The television realm in the UK is certainly poised for turmoil in the short-term if not longer. Though ad spending forecasts by the Advertising Association/WARC, released in April, project a 2.5% gain this year over last, TV spot advertising, roughly a quarter of all UK ad spending, will fall 0.5%. The business, more and more, is producing shows, movies and features for other broadcasters and the ever-expanding video-on-demand industry. ITV plc owns the well-respected and successful ITV Studios production arm. Liberty Global and Discovery Communications jointly own the mammoth production stable All3Media.

The contentious slog to leave the European Union (Brexit) has pushed the GB£ lower against the US$ and Euro. (Exchange rates fluctuate for all sorts or reasons, sometimes none at all. Ask your happy Forex trader for details.) This has helped create buying opportunities for those with US$, Euros or the capacity to borrow in either. Seizing that opportunity was 21st Century Fox, bidding €14 billion last December for the Sky plc pay-TV operation that includes business in Ireland, Germany, Italy and Austria.

Jeremy Darroch has been Sky plc chief executive since 2007, when it was commonly known as BSkyB. He is, reportedly, the highest paid UK media chief executive. In the last published financial data, nine months ending March 31st, Sky plc posted 4% revenue gain year on year. That was pinched by Premiere League football rights fees, affected by exchange rates. “Despite the broader consumer environment remaining uncertain, we continue to deliver on our strategy and are on track for the full year,” he said in a statement (April 20).

Uncertainty at a different level persists. UK regulators are due to pass judgment on the 21st Century Fox takeover, delayed to accommodate the June general election. There are no other bidders. Some UK media watchers expect Mr. Darroch to head for the garden if and when the takeover occurs. Both he and COO Andrew Griffith are invested in a share allocation that, upon the takeover, could be lucrative. James Murdoch was renamed Sky plc chairman in January 2016 after a four year hiatus.

Also in transition is publicly-owned, commercial broadcaster Channel Four. The company announced in March, quite mercurially, that chief executive David Abraham will exit “by the end of 2017.” The current UK government has rumbled about putting Channel Four up for sale. A successor for Mr. Abraham has not been named. He joined the company as chief executive in 2010.

The 3.7 billion pound gorilla in UK television is, of course, the BBC. Director General Tony Hall was appointed in 2013. In recent years BBC directors-general have served four-year renewable terms. He succeeded George Entwistle, who served 54 days, after a half-year search.

Common to each of the aforementioned UK TV chiefs is significant change. Change agent is not too strong a term to describe the current positions, generally, of ITV, Sky, Channel Four and the BBC since the Great Recession and the Digital Revolution.
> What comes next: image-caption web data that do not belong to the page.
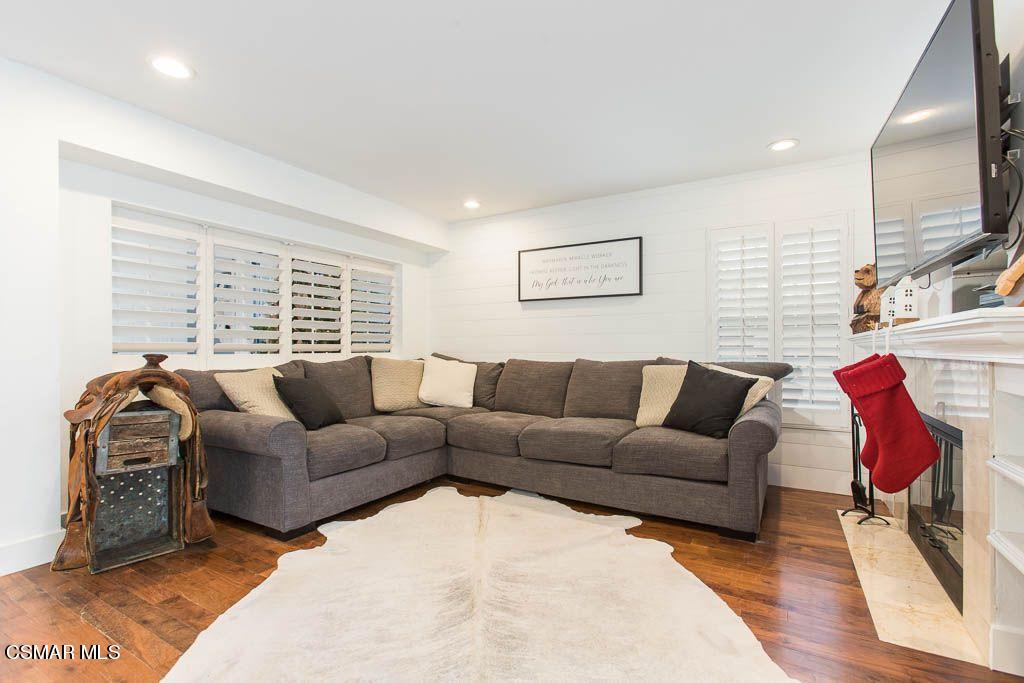 1752 Empty Saddle Road Simi Valley, CA 93063 - Photo 12 of 34 a living room with furniture or couch and a flat screen tv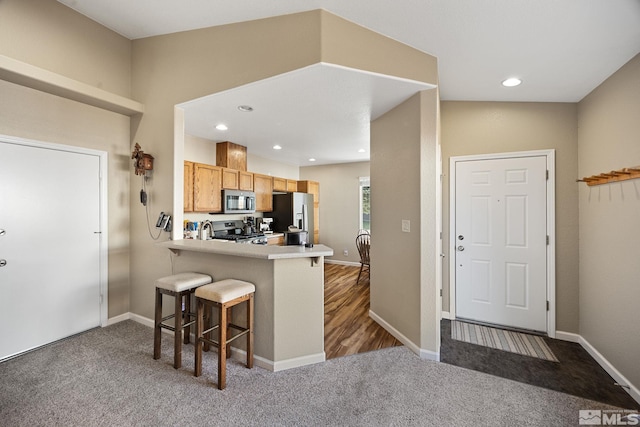 kitchen featuring kitchen peninsula, dark colored carpet, stainless steel appliances, and a breakfast bar area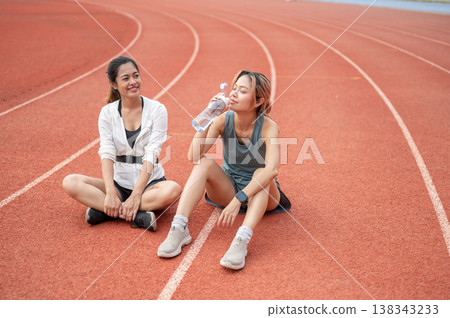 Asian woman sitting on racetrack aside a friend drinking water while resting after running exercise Asian woman sitting on racetrack aside a friend drinking water while resting after running exercise 138343233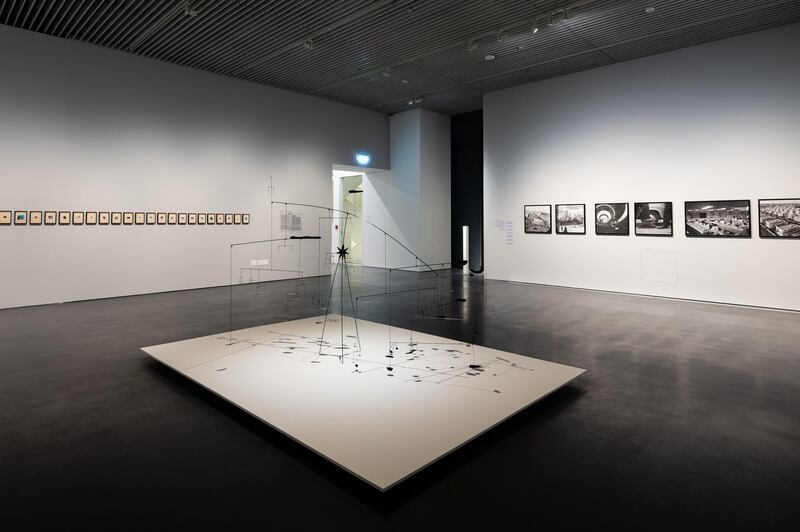 The opening room to the Jameel Arts Centre's Crude sets the stage in the 1950s, when oil was discovered in Iraq -- a moment captured by Latif Al Ani's photographs of the time (on the wall, right). In the centre a mobile by Alessandro Balteo-Yazbeck connects the fine-art patronage of US elites to their political exploits. The shadow of this Calder-like mobile is a map of the major oil fields in Iraq. Along the left-hand wall are Hajra Waheed's found images of oil flares. 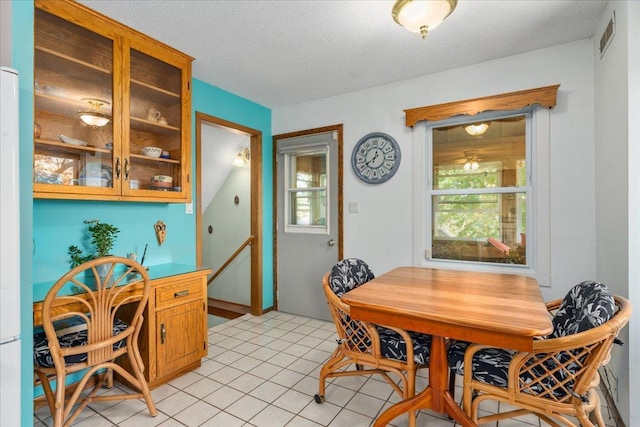 tiled dining room with a textured ceiling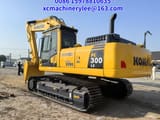 2024 Komatsu PC300LC crawler excavator, rear three-quarter view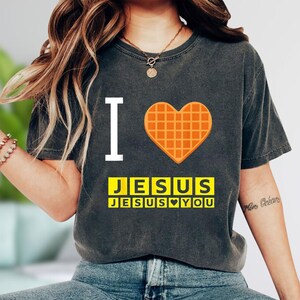 A person wearing a gray t-shirt with a heart-shaped graphic and text printed on it.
Tony Hall at the BBC has brought recovery to an organization in management chaos precipitated by political meddling.

The skill-sets required for a television chief executive are now vastly different. David Abraham and Adam Crozier have roots in advertising, Jeremy Darroch in consumer marketing. Tony Hall came from the public sector, the Royal Opera (a successful turnaround) and the BBC. The Financial Times (May 7) suggested the next UK TV chief executives be well-versed in technology. Others see content creation and production. An accountant is more likely. What doesn’t change - and never will - is a talent for negotiating changing times.